WHAT TO PRODUCE:
From the first line to the last, copy the data exactly and drop the pictures.
##### INFORMATION SHOWN
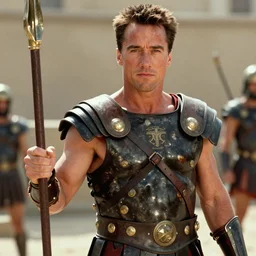 Arnold Schwartzenegger as a gladiator, in the move The Gladiator, 2000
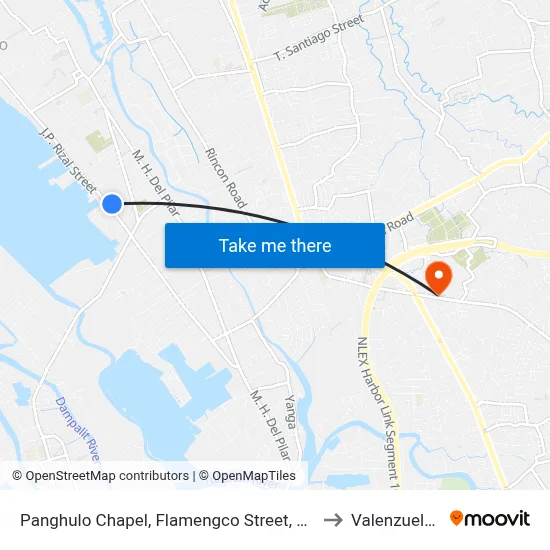 Panghulo Chapel, Flamengco Street, Malabon City to Valenzuela City map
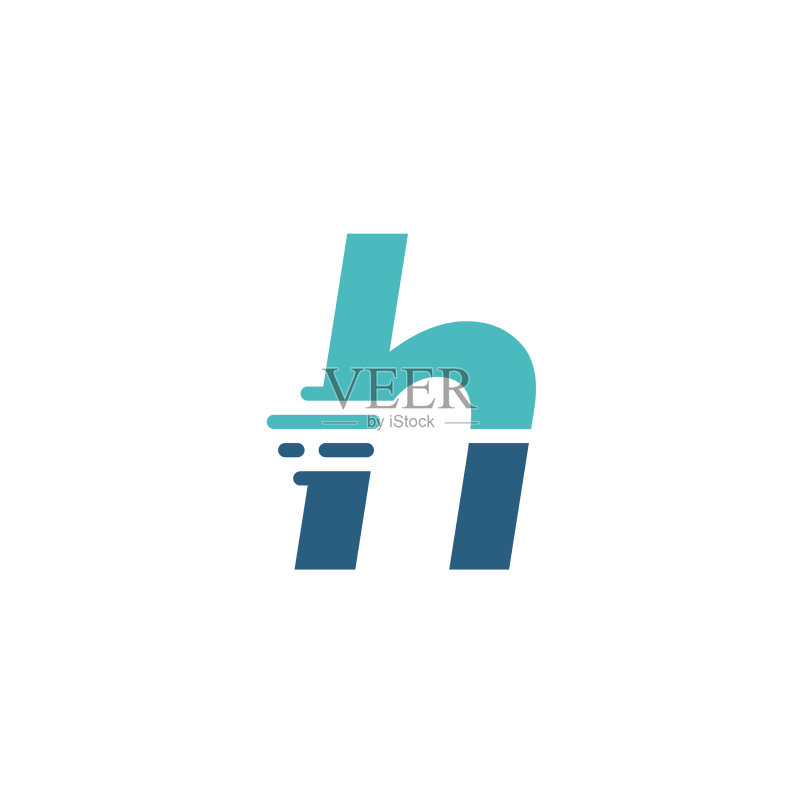 字母H小写科技数字快速图标素材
##########
WRITTEN SOLUTION:
 Arnold Schwartzenegger as a gladiator, in the move The Gladiator, 2000
 Panghulo Chapel, Flamengco Street, Malabon City to Valenzuela City map
 字母H小写科技数字快速图标素材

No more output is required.